Para evitarlos es indispensable contar con un árbitro indiscutido que, con su prestigio, su capacidad de persuasión moral o sus dólares, coordine las decisiones de los agentes y reduzca el riesgo de la profecía catastrófica que se autocumple. El precio de no tenerlo puede ser indigerible, que es lo que ha ocurrido. A principios de agosto, el FMI anunció que apoya la concesión a Brasil de 30.000 millones de dólares, con lo que tres de los cuatro países de Mercosur tienen ya programas significativos con el FMI. Mi interpretación favorita de este aparente bandazo es que los tres se han ganado el derecho a ser ayudados al comprometerseen aplicar políticas consistentes con el consenso de Washington y sostenibles a medio plazo Pero hay quien discrepa. La línea más dura del laissez-faire ha reaccionado lamentándose de que el pragmatismo haya vuelto a imponerse a los principios, sentenciando que la revolución moral internacional de diciembre ha sido traicionada.
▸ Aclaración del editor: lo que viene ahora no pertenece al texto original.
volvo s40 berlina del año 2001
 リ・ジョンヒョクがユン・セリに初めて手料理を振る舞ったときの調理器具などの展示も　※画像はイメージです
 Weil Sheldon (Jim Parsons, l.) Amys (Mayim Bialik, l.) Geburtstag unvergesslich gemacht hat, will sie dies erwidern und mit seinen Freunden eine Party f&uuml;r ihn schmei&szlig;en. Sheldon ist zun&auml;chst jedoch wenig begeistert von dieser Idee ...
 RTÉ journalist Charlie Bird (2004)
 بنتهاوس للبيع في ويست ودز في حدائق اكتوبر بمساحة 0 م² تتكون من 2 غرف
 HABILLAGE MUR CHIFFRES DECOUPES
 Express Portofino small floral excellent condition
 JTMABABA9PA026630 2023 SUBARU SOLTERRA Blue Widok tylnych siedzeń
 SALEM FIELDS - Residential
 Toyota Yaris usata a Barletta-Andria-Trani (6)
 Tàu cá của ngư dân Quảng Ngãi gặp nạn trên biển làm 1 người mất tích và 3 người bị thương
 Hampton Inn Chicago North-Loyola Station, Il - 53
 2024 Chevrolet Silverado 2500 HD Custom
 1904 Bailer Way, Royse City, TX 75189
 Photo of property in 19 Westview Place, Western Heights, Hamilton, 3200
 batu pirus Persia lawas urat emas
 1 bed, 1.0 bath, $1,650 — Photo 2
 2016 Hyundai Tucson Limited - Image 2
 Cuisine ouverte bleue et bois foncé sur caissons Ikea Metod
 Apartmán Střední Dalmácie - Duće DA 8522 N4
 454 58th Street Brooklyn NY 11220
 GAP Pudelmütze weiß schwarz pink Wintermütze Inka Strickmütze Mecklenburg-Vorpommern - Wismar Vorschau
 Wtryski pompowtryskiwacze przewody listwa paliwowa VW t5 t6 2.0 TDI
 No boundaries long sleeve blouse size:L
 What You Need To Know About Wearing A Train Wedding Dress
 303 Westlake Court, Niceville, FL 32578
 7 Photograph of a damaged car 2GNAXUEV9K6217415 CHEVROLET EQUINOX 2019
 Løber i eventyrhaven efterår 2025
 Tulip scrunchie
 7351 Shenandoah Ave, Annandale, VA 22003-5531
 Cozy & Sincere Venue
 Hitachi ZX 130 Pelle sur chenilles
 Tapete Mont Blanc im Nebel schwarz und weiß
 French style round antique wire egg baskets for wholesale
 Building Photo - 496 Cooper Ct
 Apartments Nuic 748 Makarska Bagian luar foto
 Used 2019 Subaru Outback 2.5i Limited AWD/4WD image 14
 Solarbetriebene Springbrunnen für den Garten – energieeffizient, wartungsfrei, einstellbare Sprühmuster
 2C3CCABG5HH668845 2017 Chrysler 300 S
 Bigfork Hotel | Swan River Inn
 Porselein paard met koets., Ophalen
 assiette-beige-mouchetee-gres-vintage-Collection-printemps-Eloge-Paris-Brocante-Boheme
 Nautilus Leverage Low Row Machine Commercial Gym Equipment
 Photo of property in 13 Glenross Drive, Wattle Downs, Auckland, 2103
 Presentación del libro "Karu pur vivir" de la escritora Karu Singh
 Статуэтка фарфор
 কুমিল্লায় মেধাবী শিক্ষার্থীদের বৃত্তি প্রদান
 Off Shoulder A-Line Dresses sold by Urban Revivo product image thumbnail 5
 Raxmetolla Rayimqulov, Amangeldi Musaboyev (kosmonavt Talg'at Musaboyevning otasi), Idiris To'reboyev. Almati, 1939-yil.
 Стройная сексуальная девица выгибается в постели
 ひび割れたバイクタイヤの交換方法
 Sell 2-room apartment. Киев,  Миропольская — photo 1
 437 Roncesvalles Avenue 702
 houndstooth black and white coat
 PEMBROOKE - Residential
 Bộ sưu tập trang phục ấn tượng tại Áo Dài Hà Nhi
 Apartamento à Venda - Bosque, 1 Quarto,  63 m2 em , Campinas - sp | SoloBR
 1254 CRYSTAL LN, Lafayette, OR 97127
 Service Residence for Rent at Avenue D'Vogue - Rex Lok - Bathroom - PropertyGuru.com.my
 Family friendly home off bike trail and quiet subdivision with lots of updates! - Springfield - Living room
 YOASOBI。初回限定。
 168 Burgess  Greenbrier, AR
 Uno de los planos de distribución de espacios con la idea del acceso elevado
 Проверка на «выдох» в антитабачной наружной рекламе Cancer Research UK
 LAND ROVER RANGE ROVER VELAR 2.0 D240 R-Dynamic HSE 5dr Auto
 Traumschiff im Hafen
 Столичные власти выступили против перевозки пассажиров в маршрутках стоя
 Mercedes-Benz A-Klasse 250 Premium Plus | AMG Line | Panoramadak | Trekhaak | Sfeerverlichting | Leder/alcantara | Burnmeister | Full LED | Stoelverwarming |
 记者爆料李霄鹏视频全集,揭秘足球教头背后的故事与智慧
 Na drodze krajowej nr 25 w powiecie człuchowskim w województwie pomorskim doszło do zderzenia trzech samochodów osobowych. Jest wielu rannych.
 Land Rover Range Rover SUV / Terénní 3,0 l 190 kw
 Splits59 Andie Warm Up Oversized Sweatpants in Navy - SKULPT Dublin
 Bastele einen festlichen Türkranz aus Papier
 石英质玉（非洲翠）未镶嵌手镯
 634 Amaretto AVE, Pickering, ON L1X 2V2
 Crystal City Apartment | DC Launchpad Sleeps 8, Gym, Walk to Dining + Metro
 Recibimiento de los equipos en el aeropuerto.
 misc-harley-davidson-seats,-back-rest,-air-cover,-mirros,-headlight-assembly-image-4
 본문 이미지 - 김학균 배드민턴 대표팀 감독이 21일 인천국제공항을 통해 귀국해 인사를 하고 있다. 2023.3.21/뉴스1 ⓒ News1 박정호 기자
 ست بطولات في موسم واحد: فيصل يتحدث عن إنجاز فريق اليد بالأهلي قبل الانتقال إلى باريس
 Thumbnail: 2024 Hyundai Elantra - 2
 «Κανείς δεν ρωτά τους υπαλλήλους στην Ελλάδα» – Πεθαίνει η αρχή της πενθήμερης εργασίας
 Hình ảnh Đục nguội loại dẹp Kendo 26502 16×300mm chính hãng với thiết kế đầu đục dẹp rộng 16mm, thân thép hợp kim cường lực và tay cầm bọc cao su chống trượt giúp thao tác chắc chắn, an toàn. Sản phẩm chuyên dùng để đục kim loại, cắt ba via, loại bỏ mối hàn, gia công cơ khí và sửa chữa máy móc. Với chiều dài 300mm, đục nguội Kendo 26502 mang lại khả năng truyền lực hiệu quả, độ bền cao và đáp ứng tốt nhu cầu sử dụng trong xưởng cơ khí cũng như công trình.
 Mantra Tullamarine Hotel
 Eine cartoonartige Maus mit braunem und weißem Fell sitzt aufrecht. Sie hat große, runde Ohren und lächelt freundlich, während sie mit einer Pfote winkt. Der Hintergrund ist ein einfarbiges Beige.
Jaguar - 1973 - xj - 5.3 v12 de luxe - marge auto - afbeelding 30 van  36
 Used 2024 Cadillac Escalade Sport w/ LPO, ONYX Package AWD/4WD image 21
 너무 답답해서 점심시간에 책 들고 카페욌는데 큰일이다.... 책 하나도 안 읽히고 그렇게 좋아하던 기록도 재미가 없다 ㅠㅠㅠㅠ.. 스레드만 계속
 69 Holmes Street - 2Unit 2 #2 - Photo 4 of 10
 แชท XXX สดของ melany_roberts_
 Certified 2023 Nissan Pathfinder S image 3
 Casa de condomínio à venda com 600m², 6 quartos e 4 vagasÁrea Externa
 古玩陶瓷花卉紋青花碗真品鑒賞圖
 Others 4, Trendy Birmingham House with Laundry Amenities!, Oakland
Aceptar una u otra interpretación es relevante.Tras las aparentes idas y venidas de los últimos meses, se corre el riesgo de que lo que ahora se interprete sea que volvemos a tener FMI y dinero, pero que carecemos de modelo. Que, a la hora de la verdad, lo relevante no son los fundamentos, las políticas, los compromisos, sino argumentos ad hoc adoptados en función de los intereses de alguna figura clave de la escena internacional. Si los hechos o las apariencias hiciesen plausible esta interpretación, la única certeza sería que Argentina militaría, como anticipó Borges, en la categoría de los países incorregibles. Pero el resto de países estaría dentro de un gran agujero de incertidumbre del que sólo saldrían cuando la nada o los dólares estuviesen a punto de llegarles. Sabemos que el modelo sin liderazgo no funciona, y deberíamos anticipar que el liderazgo sin reglas tampoco es la solución. Volvamos a lo conocido: liderazgo indiscutido y reglas claras e incuestionables, y dejemos los experimentos y las revoluciones para mejor ocasión.